There's no particular application of computers that Snap! isn't "for." I'm not interested in writing video games, for example, but I would never dream of saying you shouldn't write them. What Snap! is for is learning. In particular, it's for learning computer science. It's for learning abstraction, which is one of the central ideas of computer science. It's for learning data structures, as in a CS 2 class, such as how to implement a hash table and what they're good for. It's for learning lambda calculus, the theoretical core set of ideas that hold up programming languages. It's for learning what a Turing machine is. It's for learning what a cellular automaton is. It's for learning computer architecture; if you want to learn a low-level language, I'd rather you jump right down to machine language, preferably for a RISC machine like the one (probably) in your phone rather than the baroque Intel architecture that's (probably) in your computer. That'd teach you more than learning JavaScript, which is really just Snap! with a bad syntax. But I'm not even going to tell you not to learn JS. Learning is good. Learn how to break into other people's computers and you can get a job as a security consultant. (Try not to get arrested. Don't steal stuff.) Learn anything. While you're at it, learn how to make art with a computer. Read Marx and Freud. Read Mark Twain. (Insert non-US authors here... Well Marx and Freud are non-US authors, but not authors of fiction.) You want to learn another programming language? Pick one that'll blow your mind, Prolog or Smalltalk or APL.

So, no reason not to build 3D graphics if that interests you. We don't do it because debugging programs that use 3D is hard, because you have to know which way the camera is facing and make sure the stuff you build is in front of the camera rather than behind it. We'd rather concentrate on a good interface for 2D graphics. But that's us; you build what you want (that isn't against the rules). You can do it entirely in Snap!, which isn't as slow as it used to be, especially on matrix arithmetic, which is what 3D graphics is all about.

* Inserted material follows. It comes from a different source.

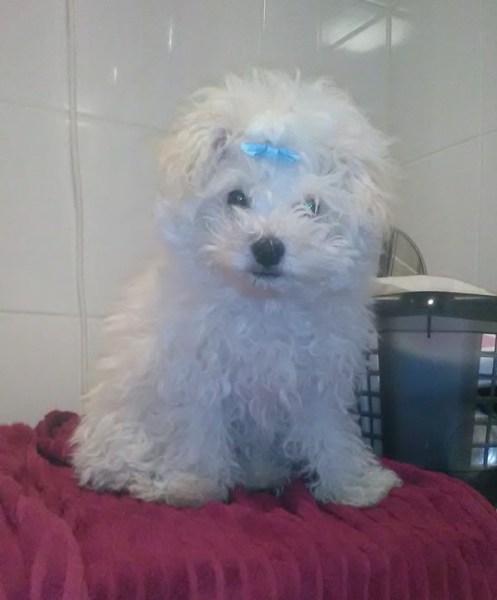 15801575_10211491853790401_1093422446_n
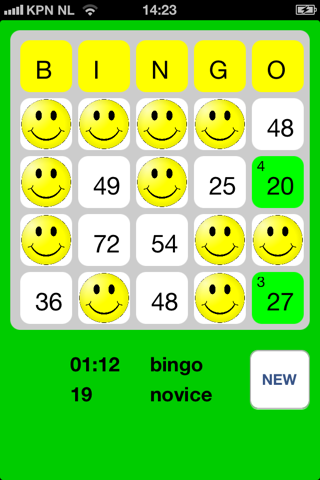 MultiBingo screenshot 2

Well I know JavaScript and HTML and css and xslt and some others and also actually snap is made for helping others or the young code so you are right. Well thank you. And I’ve always dreamed of an application that would just be helpful and easy for kids and I LOVE snap! Me as myself are 10 years old and ive always ever wanted an application that could build lots of things like parsers.

you should never post your name to

Snap's capabilities are far from that :sweat_smile:
Snap! is actually a modded version of Scratch 1.0 by Jens and other developers (I think bh was one of them too). Snap! took code from Scratch 1.0 and modified it so that it could be used by more experienced programmers who want more from block coding.

Think about Scratch as a Texas Instruments Ti-30XIIS. The Ti-30XIIS, while it IS a calculator, is pretty limited in functions. You can't graph on it and you can't program it to do stuff you want it to do. Now picture Snap! as a Texas Instruments Ti-84 Plus CE. Much like Scratch (represented as a Ti-30XIIS) the Ti-84 Plus CE is a calculator and can still do the same things a calculator does. UNLIKE Scratch though, the Ti-84 (aka Snap!) is a programmable calculator and can also graph.

Oh sorry


Snap! has its own code base. Although its predecessor, BYOB, was a fork of an earlier version of Scratch, Snap! was written completely by Jens and contributors to the Snap! GitHub repository.